Figure 4.19 Elasticity analyses can guide the management of armadillo abundance.(a) Life cycle graph and population projection matrix for nine‐banded armadillos, Dasypus novemcinctus , in Mississippi, USA, comprising fecundities, F , and survival rates, S , for juveniles, J , yearlings, Y , non‐leprous adults, N , and leprous adults, L , and with ψ referring to the probability of non‐leprous adults becoming leprous. (b) Estimates, with standard errors, of these parameters from field data, except that α 1(yearlings) and α 2(adults) are probabilities of reproduction that are combined with litter sizes to generate the fecundities. (c) The elasticities of the population growth rate, R , to these parameters, to litter size ( LS ) and to the (unknown) probability of surviving to a trappable age, γ, for three values of γ (0.5, 0.8, 1.0).

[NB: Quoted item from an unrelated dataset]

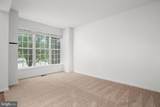 269 Parker Place - Photo 5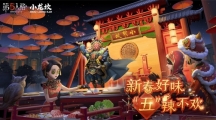 新春好味 “五”辣不歡《第五人格》×小龍坎火鍋合作活動開啟！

Source : After Oli et al . (2017).

Of those elasticities, it is encouraging, first, that the elasticity for the unknown survival rate, γ, is low, indicating that our conclusions are not strongly dependent on our assumptions about γ. Next, it is apparent from Figure 4.19b that infected adults had a reduced survival rate (down 14.5%), and it is for this reason that the elasticity values for the probability of transition of adults into the infected state were negative ( Figure 4.19c). However, these elasticities were especially low, indicating that R for the armadillo population would not be greatly affected by the infection rate. Rather, the parameter with an elasticity value indicating the greatest influence on R (approaching 0.5) was the survival rate of adults.

The distribution of nine‐banded armadillos is expanding northwards in the USA, and the incidence of leprosy in these populations is increasing drastically. The elasticity analysis suggests that leprosy itself will do little to halt the spread of armadillos. If their abundance is going to be controlled, adult survival is likely to be the most effective, as well as perhaps the most practical target.